Reverb -- The tour's nonprofit "greening" partner. Reverb handled recycling both backstage and in front of house, coordinated more eco-minded choices on tour busses, they also will be calculating and facilitating offsets for the emissions produced on the tour. Reverb facilitated a partnership with Brita/Haws for a donation of fresh water stations at every show so that fans could fill up reusable water bottles (sold to benefit MFR) and use less plastic. They also encouraged ridesharing among fans.
Also of note, Linkin Park's tour crew coordinated bio-diesel for all trucks and busses that were capable of running on it.
We'd like to recognize other partners including eBay, Charity Buzz, Kompolt and Tickets for Charity who helped the nonprofit efforts. A big personal thank you to Whitney Showler from Music for Relief for leading this charge and Justin Wysong from the MYF team.

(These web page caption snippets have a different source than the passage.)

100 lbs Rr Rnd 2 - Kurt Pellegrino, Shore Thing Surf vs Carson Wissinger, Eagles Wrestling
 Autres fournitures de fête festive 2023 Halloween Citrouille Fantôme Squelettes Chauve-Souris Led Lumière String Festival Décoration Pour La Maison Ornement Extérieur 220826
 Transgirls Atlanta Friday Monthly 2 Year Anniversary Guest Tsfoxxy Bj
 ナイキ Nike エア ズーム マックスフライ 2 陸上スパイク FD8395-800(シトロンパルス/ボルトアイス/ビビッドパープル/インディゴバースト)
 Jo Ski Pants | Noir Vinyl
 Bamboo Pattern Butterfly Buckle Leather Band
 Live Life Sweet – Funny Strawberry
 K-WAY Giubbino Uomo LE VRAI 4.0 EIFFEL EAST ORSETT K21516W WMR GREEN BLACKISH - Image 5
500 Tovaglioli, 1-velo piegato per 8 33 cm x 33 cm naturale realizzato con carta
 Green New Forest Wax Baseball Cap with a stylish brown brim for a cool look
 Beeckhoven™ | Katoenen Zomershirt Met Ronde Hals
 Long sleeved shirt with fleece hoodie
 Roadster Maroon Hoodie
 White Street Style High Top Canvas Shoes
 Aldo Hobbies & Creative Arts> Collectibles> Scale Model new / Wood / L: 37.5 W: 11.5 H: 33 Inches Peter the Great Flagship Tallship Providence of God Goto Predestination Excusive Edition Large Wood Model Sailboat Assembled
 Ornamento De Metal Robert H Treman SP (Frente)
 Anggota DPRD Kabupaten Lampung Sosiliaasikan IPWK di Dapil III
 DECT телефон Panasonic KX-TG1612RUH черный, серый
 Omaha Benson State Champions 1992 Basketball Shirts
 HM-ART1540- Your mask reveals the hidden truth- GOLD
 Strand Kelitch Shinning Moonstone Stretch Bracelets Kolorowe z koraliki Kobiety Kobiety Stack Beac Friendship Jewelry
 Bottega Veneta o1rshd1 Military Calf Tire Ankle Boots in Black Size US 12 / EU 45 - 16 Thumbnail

I encourage everyone to learn more in the video below and support the goal of gaining 1 million signatures on a pledge for Sustainable Energy for All. You can sign the pledge here.
Activities like this have introduced tens of millions of people to the issue of energy access and sustainable solutions, so why don't we see this kind of collaboration more often? We will.
As Brandon Boyd puts it, "We've certainly come a long way! But we've got a long way to go."